Introduzione: la definizione di protezione umanitaria

Vi sono ancora molti Paesi nel mondo in cui la popolazione è soggetta a guerre, torture, discriminazioni, persecuzioni. Per questo motivo la Comunità internazionale e le sue Organizzazioni hanno ritenuto inevitabile la predisposizione di piani di aiuto e di accoglienza per coloro che fuggono da queste atroci situazioni.

Quali sono gli strumenti di aiuto e sostegno?

Vi sono tre forme di aiuto.  Due sono previste a livello internazionale: lo status di rifugiato e la protezione sussidiaria, la terza è stata introdotta in Italia nel 1998 ed è regolata dall’articolo 5 comma 6 del testo unico 286/98: la protezione umanitaria.

Vediamole velocemente.

1) Lo status di rifugiato è previsto dalla Convenzione di Ginevra del 1951 ed è riconosciuto a qualsiasi persona che nel proprio paese di origine o nel paese in cui vive «rischia persecuzioni per motivi di razza, religione, nazionalità, appartenenza ad un determinato gruppo sociale o per le sue opinioni politiche». È considerato, di diritto, rifugiato chi ha un ragionevole timore di poter essere, in caso di rimpatrio, vittima di persecuzione. Rientrano nel concetto di persecuzione tutte quelle situazioni in cui vi potrebbe essere una violazione grave dei diritti fondamentali. Tra le persecuzioni sono comprese la violenza fisica o psichica, la violenza sessuale, il reclutamento dei bambini-soldato, le pratiche dei matrimoni forzati e anche le mutilazioni genitali femminili.

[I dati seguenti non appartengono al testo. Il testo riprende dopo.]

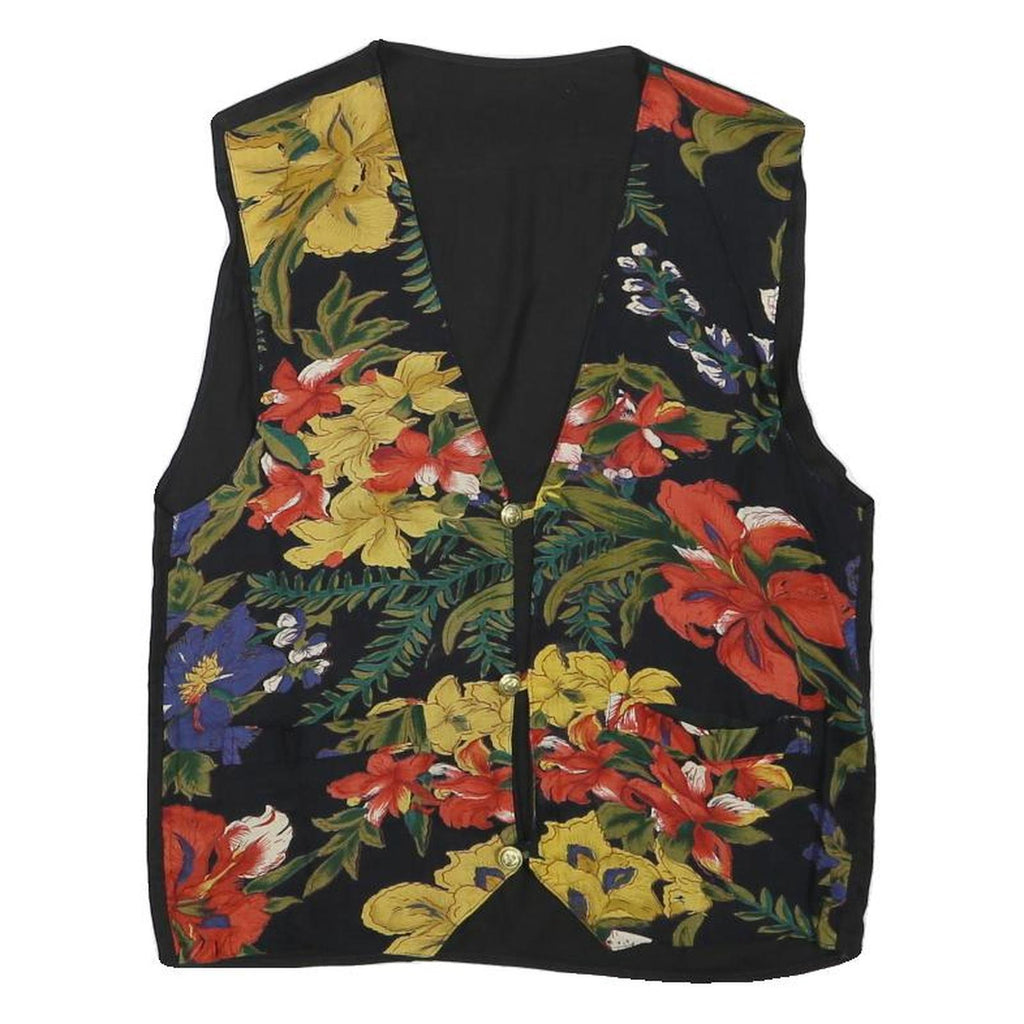 Womens Black Linen Blend Floral Button Jacket XXS Lightweight Relaxed Fit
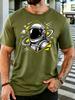 Vintage Colorful Astronaut Planet Star Space Graphic Unisexs Soft Cotton Short Sleeve Loose Cosmic Explorer Daily Casual Street Tee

2) La protezione sussidiaria, la seconda forma di protezione internazionale, è uno status riconosciuto a chi è cittadino di un paese terzo o è apolide e «rischia di subire un danno grave» in caso di rientro nel proprio paese: rischia cioè di essere ucciso, di essere torturato o di subire le conseguenze di una situazione di violenza generalizzata e di conflitto.
Il riconoscimento dello status di rifugiato e di protezione sussidiaria necessitano di una indagine fatta dalle Commissioni Territoriali che devono stabilire se ci sono le condizioni per dare protezione internazionale al soggetto richiedente.

Qualora non dovessero sussistere le condizioni per utilizzare i primi due strumenti, ma ci sono comunque «seri motivi, in particolare di carattere umanitario o risultanti da obblighi costituzionali o internazionali dello stato italiano» per offrire protezione, può essere richiesta la protezione umanitaria.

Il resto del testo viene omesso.